Not the last summer — you don’t know it’s the last one while it’s happening, that’s the whole tragedy of it. But there’s a summer somewhere in your early teens where you were still the kind of person who got in the pool at ten in the morning and got out at five in the afternoon and that was the entire day and it was enough. No agenda. No sense that time was being spent on something that should produce a result. Just hours of water and sun and pruned fingers and the particular exhaustion of having done nothing for a very long time.

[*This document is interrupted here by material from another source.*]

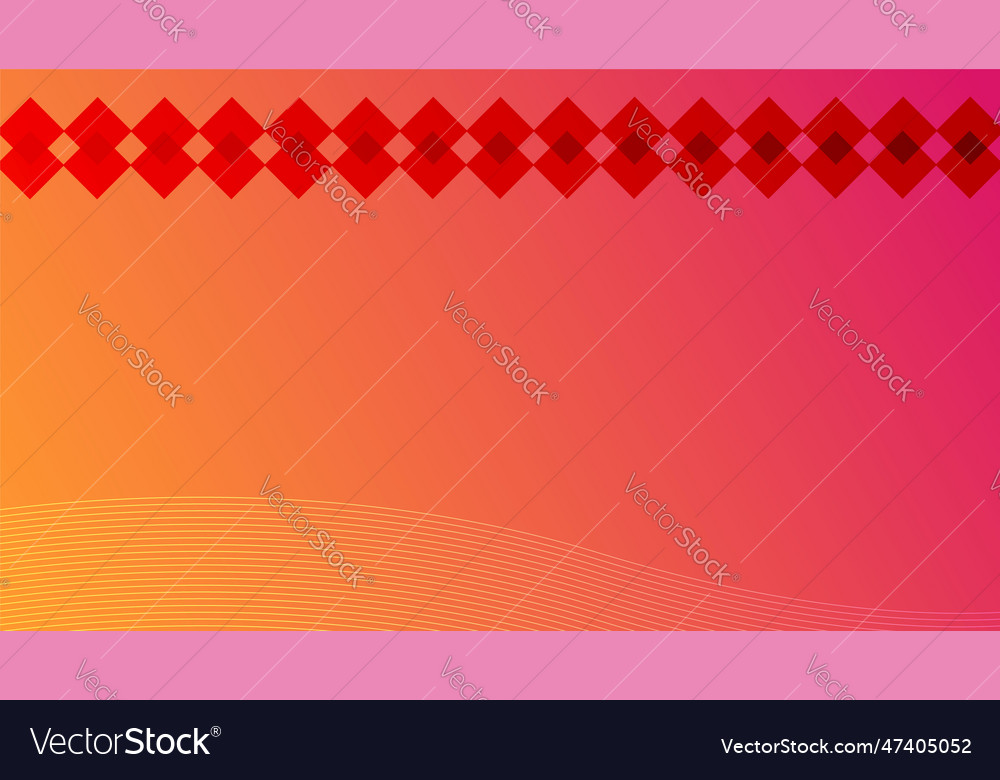 Abstract background with red lines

At some point after that, swimming became something you do for thirty minutes with intention. Exercise. Laps. Getting somewhere. The pool became a tool for a goal rather than a place you just existed in. And the weird formless hours of childhood water time just stopped, unremarked upon, because you were becoming a person with places to be and things to do and a growing awareness that lying on a pool raft for four hours is something you’d have to justify to yourself now.
What I miss isn’t the swimming exactly. It’s the relationship with time that made it possible. The complete absence of the sense that something else should be happening instead. Kids at a pool are not thinking about what they’re missing by being at the pool. They are entirely at the pool. That’s the thing that goes away gradually and then all at once and doesn’t really come back unless you work very hard at it, and working very hard at being present is its own kind of irony that I haven’t fully resolved.
I got in a pool last summer at a friend’s house and floated on my back for about twenty minutes staring at the sky and it was the closest I’ve come in years to that old feeling. Not quite it — I was still aware of time passing, still aware that dinner was at seven and I’d need to dry off and be a person again — but close. A thin slice of the original thing. Enough to remember what it was. Enough to miss it properly.
This summer I’m going to get in a pool and stay there until I don’t feel like being there anymore. No laps. No plan. I say this every year. This year I might actually do it. The bar is low. I just have to float.